A Milei victory — which recent polls suggest is likely — will sound a death knell for a democracy recovered 40 years ago, after a century of fraudulent elections, political proscriptions and bloody military takeovers. But the menace doesn’t lie in Milei himself, even if a study found that his leadership style fits the authoritarian profile. He rejects basic democratic rules, denies any legitimacy to his political rivals, tolerates or promotes violence, and is ready to limit civil liberties, including that of the press.
In a country where social mood counts more than rickety institutions, the more serious threat to democracy is Milei’s supporters’ indifference to what he stands for. In polls and interviews, they have said over and over that they don’t care about his disdain for democracy, his outlandish and unworkable libertarian proposals, or his lack of basic knowledge of how to run a functioning state. They don’t care if this economist, comic and former footballer can really abolish the Argentine central bank and the national currency, as he says he will. Or that he wanted to eliminate subsidies for public education, health and other social services in the middle of a terrible crisis. Or that he has flirted with establishing a free market for human organs and firearms. Or that his obsession with his dead dog, with whom it’s said he communicates in the hereafter, and his violent, expletive-ridden outbursts when talking about the political establishment have sown doubts about his mental health. Local pundits deemed it a political achievement that he didn’t lose his temper or his mind during the presidential debates, as was widely expected.

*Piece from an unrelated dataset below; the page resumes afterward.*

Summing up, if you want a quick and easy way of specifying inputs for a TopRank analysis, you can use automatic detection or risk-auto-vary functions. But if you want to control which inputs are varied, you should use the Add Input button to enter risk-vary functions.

In fact, Milei’s combustible personality is probably attracting more votes than his program, because his followers want him to get mad on their behalf. The Milei phenomenon is a protest scream. He is a human wrecking ball his voters want to hurl against the political system that has repeatedly failed them. It was by riding this radical discontent, by yelling insults and by wielding a chain saw with which he has promised to cut public spending (if not destroy the state itself) that Milei has gone from being a political nonentity to being the favorite in the runoff presidential election.
His rise is certainly the result of a spiraling economic crisis that has left more than 40 percent of the population under the poverty line and an inflation reaching 142.7 percent in a year. But he also represents the rejection of the political polarization that has engulfed the country for the past two decades. The current Peronist government, in power since 2019, and the opposing Juntos por el Cambio (JxC) that preceded it have been unable to offer any solutions to the nation’s problems, except for blaming them on each other. Facing Milei and his movement, they have reacted in character.
Massa has been doling out new subsidies and making promises about a rosy future. He is trying to pull off an act of political magic in which he is trying to make everybody forget that he is the most powerful figure in a failing government and the very person in charge of salvaging the ailing economy. Now he is Sergio Massa the candidate, the new guy who will end polarization and save the day.
Still, as the only alternative to Milei, Massa is not to be discounted. In the first round of elections, Massa surprised everybody, and especially the pollsters, by coming out on top with 36.78 percent of the vote against Milei’s 29.99 percent. (JxC obtained a meager 23.81 percent.) For a moment it seemed that, despite all the anger, the country had decided Milei was a bridge too far.
For their part, former president and JxC main leader Mauricio Macri and his failed presidential candidate Patricia Bullrich threw their weight behind Milei in the runoff. It cost them their coalition, after most of its other leaders refused to follow suit. It was yet another in a long line of historical cases — documented by Steven Levitsky and Daniel Ziblatt in their book “How Democracies Die” — in which an established party opens the door of respectability to the insurgent authoritarian that goes on to subvert the democratic system.
Before Macri’s backing, Milei enjoyed the support of only the disaffected far right — people such as backers of former Brazilian president Jair Bolsonaro, Tucker Carlson in the United States and Vox in Spain. After Macri’s endorsement, Sebastián Piñera (Chile), Felipe Calderón and Vicente Fox (Mexico), Iván Duque and Andrés Pastrana (Colombia), Mariano Rajoy (Spain), and Nobel Prize in Literature recipient Mario Vargas Llosa have all come on board, seeing Milei as a means to defeat Peronism in Argentina. (As part of this effort to make himself more respectable, Milei has moderated a few of his stances, no longer talking about eliminating social subsidies.)
“How far could the obsessive desire to defeat Peronism lead us?” Pablo Avelluto, former member of Macri’s cabinet, wrote. “Anything goes?” Avelluto abandoned Macri’s party for betraying its values by allying itself with Milei. Even still, he said he won’t vote for Massa: “I am indifferent to any of them winning.” He will leave his ballot empty.
Like him, so many in Argentina can’t reconcile the abstract ideal of democracy with its dismal reality. That indifference, that emptiness, is the true danger. For jumping into the void to escape miserable circumstances has rarely ended well.